Basti pensare che chi non rispettava il regolamento condominiale era sottoposto a una sanzione massima di 100 lire, mentre ora si va dai 200 agli 800 euro. Quanto ai morosi, non avranno più vita facile visto che l’amministratore dovrà comunicare ai creditori i loro nominativi. I creditori, inoltre, potranno agire nei confronti dei condomini in regola solo dopo essersi fatti valere su quelli non paganti. L’amministratore, trascorsi sei mesi di morosità, potrà sospendere il debitore dalla fruizione dei servizi comuni a godimento separato (tipo piscina o parcheggio) e avrà l’obbligo di recuperare le rate condominiali non riscosse (pena la sua responsabilità), anche con decreto ingiuntivo provvisoriamente esecutivo Come dire che nei casi estremi si potrebbe iscrivere un’ipoteca sulla casa del debitore.

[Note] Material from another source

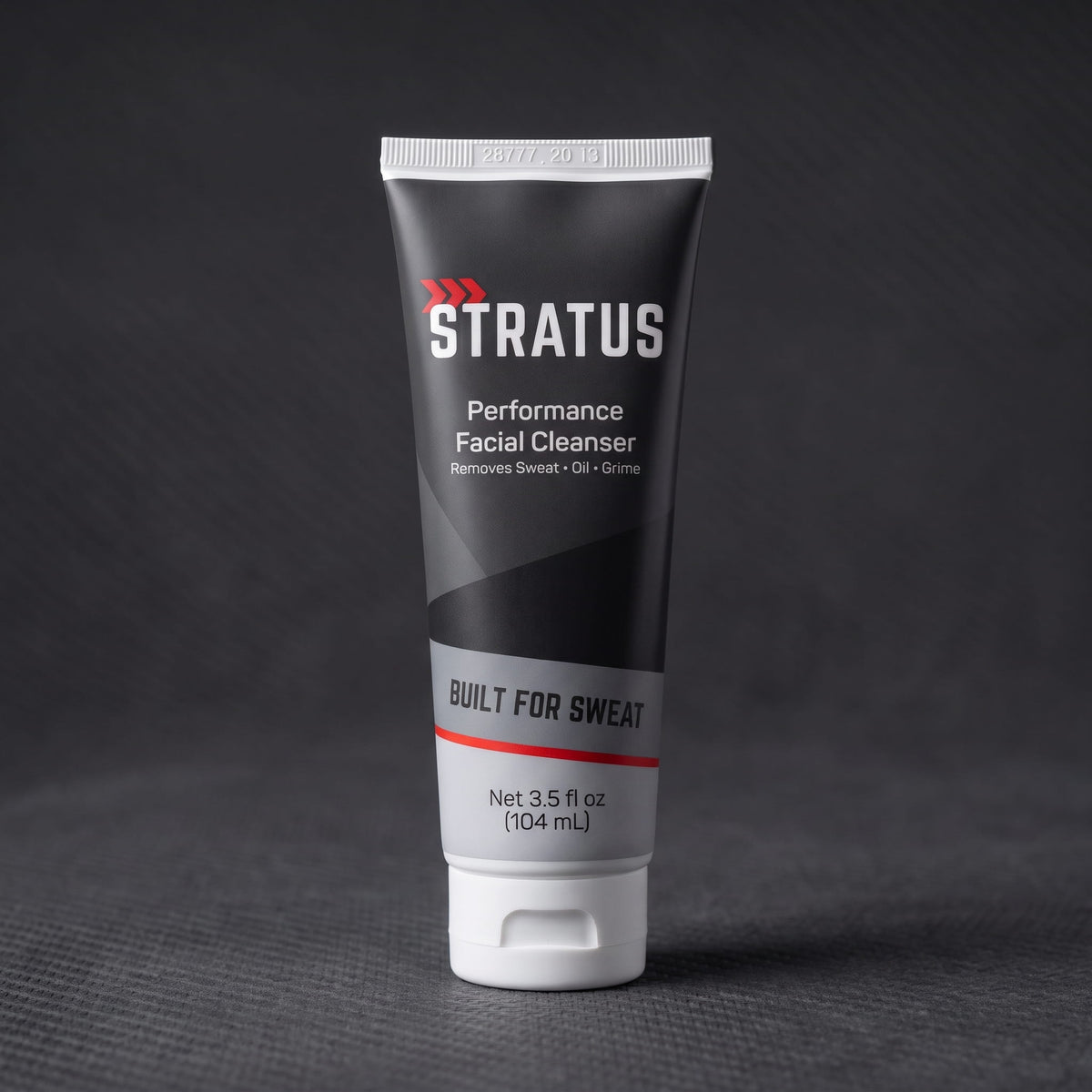 A tube of Stratus Performance Facial Cleanser, part of a post workout skincare routine, standing upright on a dark gray textured surface.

Gli amministratori, dal canto loro, dovranno vantare competenze certificate e i conti dovranno essere sempre in ordine. “La riforma è positiva anche se da migliorare – spiega Aldo Rossi, segretario nazionale del Sunia, il Sindacato unitario inquilini e assegnatari – Ha aumentato il livello di trasparenza amministrativa, con l’obbligo da parte dell’amministratore di aprire un conto corrente dove far transitare il denaro del condominio; di tenere registri contabili, anagrafici e di bilancio e di attivare un sito internet del condominio qualora l’assemblea lo richieda. Viene inoltre introdotta la figura del revisore dei conti, nominato dall’assemblea. L’amministratore, su richiesta dell’assemblea, dovrà essere coperto da assicurazione professionale, anche se noi avremmo preferito fosse obbligatoria”.

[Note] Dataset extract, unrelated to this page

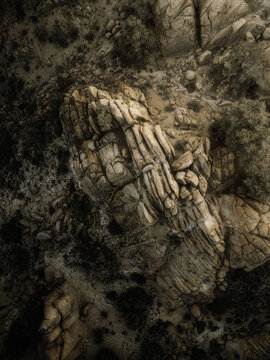 Aerial view of rugged desert rock formations and boulders with desert shrubs and sandy terrain in Nevada, United States.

La gestione diventa quindi più impegnativa, specialmente se si tratta di Supercondominio, ossia più condomini che usufruiscono di spazi e servizi comuni. “Nelle grandi realtà, comunque, vengono in aiuto i consiglieri di condominio, formalizzati per la prima volta nella riforma – aggiunge Rossi -. Positivo inoltre che l’amministratore dei piccoli condomini, magari un pensionato con la passione per i numeri, non debba rispettare le stesse regole, in termini di certificazione delle competenze, di un amministratore dei complessi maggiori”.

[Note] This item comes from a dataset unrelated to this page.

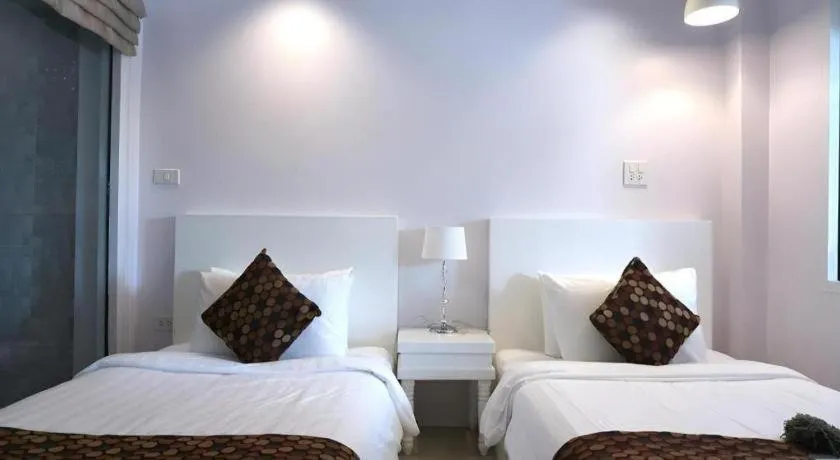 Bed in NanNakara Boutique Hotel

Eppure fino a oggi, piccoli o grandi che siano, i condomini vengono spesso mal gestiti, e così si spiega la particolare attenzione che la riforma dedica all’amministratore: “Abbiamo fatto un’indagine, scoprendo la scarsa professionalità di molti operatori del settore e la poca considerazione che alcuni di loro rivolgono alle nuove normative – dice Alberto Zanni, presidente di Confabitare, associazione dei proprietari immobiliari -. Con la riforma si è voluto tutelare maggiormente i condòmini che potranno, almeno sulla carta, far valere i propri diritti nei confronti degli amministratori”. Va in questo senso il divieto di delegare l’amministratore stesso a rappresentare gli inquilini in assemblea, una nuova regola che rimuove un palese conflitto d’interessi.
Sunia e Confabitare sottolineano però alcuni punti perfettibili della riforma, come il fondo per i lavori straordinari: se la ditta che esegue le opere dilaziona i pagamenti, come in genere avviene, secondo le associazioni è assurdo che l’inquilino debba pagare tutto in anticipo. La costituzione del fondo dovrebbe quindi adeguarsi alla soluzione di pagamento adottata, prevedendo anche l’opzione delle rate a scadenza. Altro punto in sospeso è quello della conciliazione nelle controversie condominiali: “Secondo la riforma è obbligatoria, ma una sentenza della Consulta l’ha dichiarata illegittima – spiega Rossi – . A questo punto devono intervenire Parlamento e governo”.